It’s dangerous to go alone

Alternative angle-brackets

By Dave Menendez
Monday, October 6, 2003, at 12:14 AM

Summary: A thought experiment about a simplified markup language like XML, but without the need for backward compatibility with SGML. NML has no attributes or entities, uses single-character end tags, but can still express pretty much everything XML can.

I’ve been thinking about alternatives to XML and SGML for marking up text. One might ask, why? Well, why not? XML is popular and has a lot of tool support, but there is always room for improvement. I’ve been thinking in terms of simplification: XML (and SGML) allow elements to have sub-elements and attributes, but one could easily get by with sub-elements alone. Similarly, XML requires the beginning and ending of an element be tagged with the element’s type, but that’s a legacy of SGML, when some elements could omit their end tags if they could be inferred from context. In XML, end tags must always be present, so the explicit labels are unnecessary.

Here’s one possibility, which I’ll call New Markup Language because the abbreviation “NML” amuses me. It consists of a tree of tagged elements, where each element has the form <tag content>. I’ll give a brief example of how HTML looks in its current form and in if were done in NML.

First, in XML-style markup:

    <title>New Markup Language</title>
    <p>A lot of <abbr title="Extensible Markup Language">XML</abbr>'s
    cruft can be eliminated without sacrificing expressiveness.</p>
      <li>Get rid of attributes</li>
      <li>Get rid of entities</li>
      <li>Replace &lt;tag&gt;...&lt/tag&gt; with &lt;tag ...&gt;</li>

And now in an NML style:

  <head <title New Markup Language>>
    <p A lot of <abbr <title Extensible Markup Language> XML>'s
    cruft can be eliminated without sacrificing expressiveness.>
      <li Get rid of attributes>
      <li Get rid of entities>
      <li Replace <lt>tag<gt>...<lt>tag<gt> with <lt>tag ...<gt>>

Obviously, more work would need to go into this before it could replace XML (which is unlikely to ever happen).
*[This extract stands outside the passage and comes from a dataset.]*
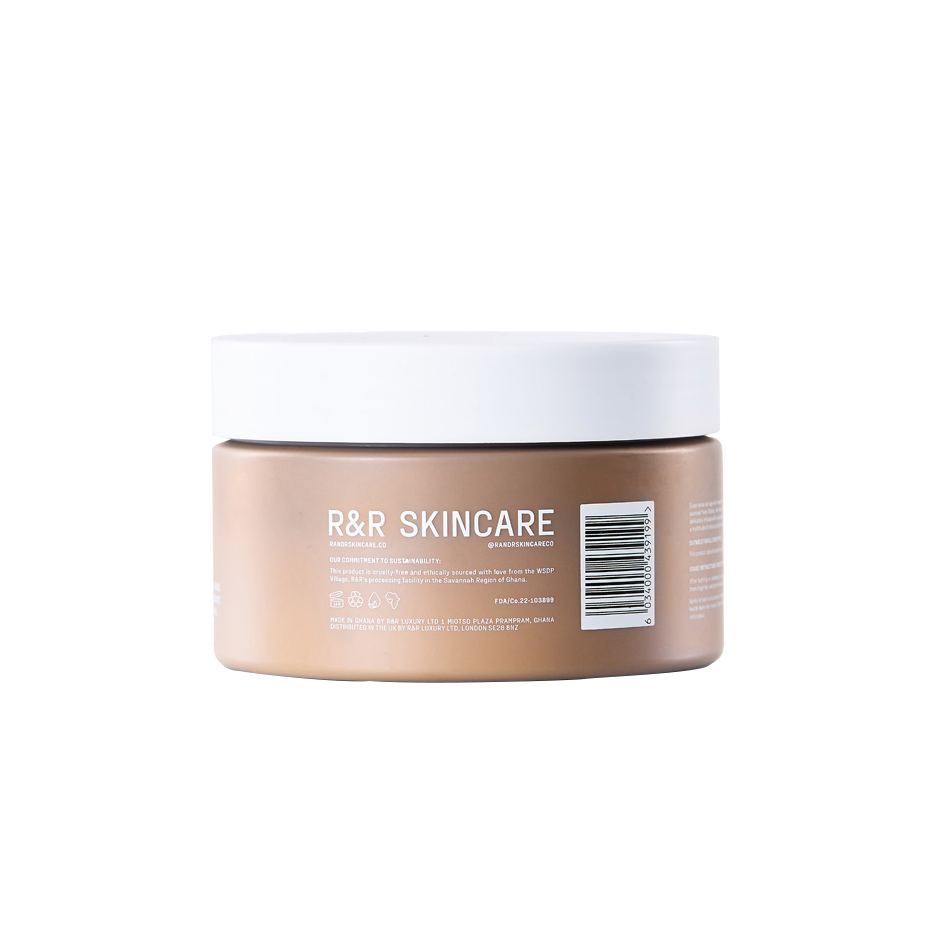 R&R 100% Natural Whipped Shea Body Butter for Deep Skin Hydration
In particular, there are issues around whitespace normalization and language tagging that need some thought. On the other hand, it’s much easier to parse NML than XML, because it only has one construction and two special characters.

Futhermore, a well-formed NML document is guaranteed to contain the same number of “<” and “>” characters, and it’s pretty hard to accidentally write a malformed document. Where one occasionally saw things like <i>italics <b>and</i> bold</b> (malformed SGML) in the early days of HTML, NML’s syntax does not lead itself to such confusion. (That fragment would be correctly written <i>italics <b>and</b></i> <b>bold</b> in SGML and <i italics <b and>> <b bold> in NML.)

Since NML has no entities, we’ll use special element names for character references. An element whose name is entirely digits (e.g., <65> instead of &#65;) represents the Unicode character with that decimal code point. Those which begin with “#” indicate hexadecimal Unicode code points (e.g., <#41> instead of &#x41;).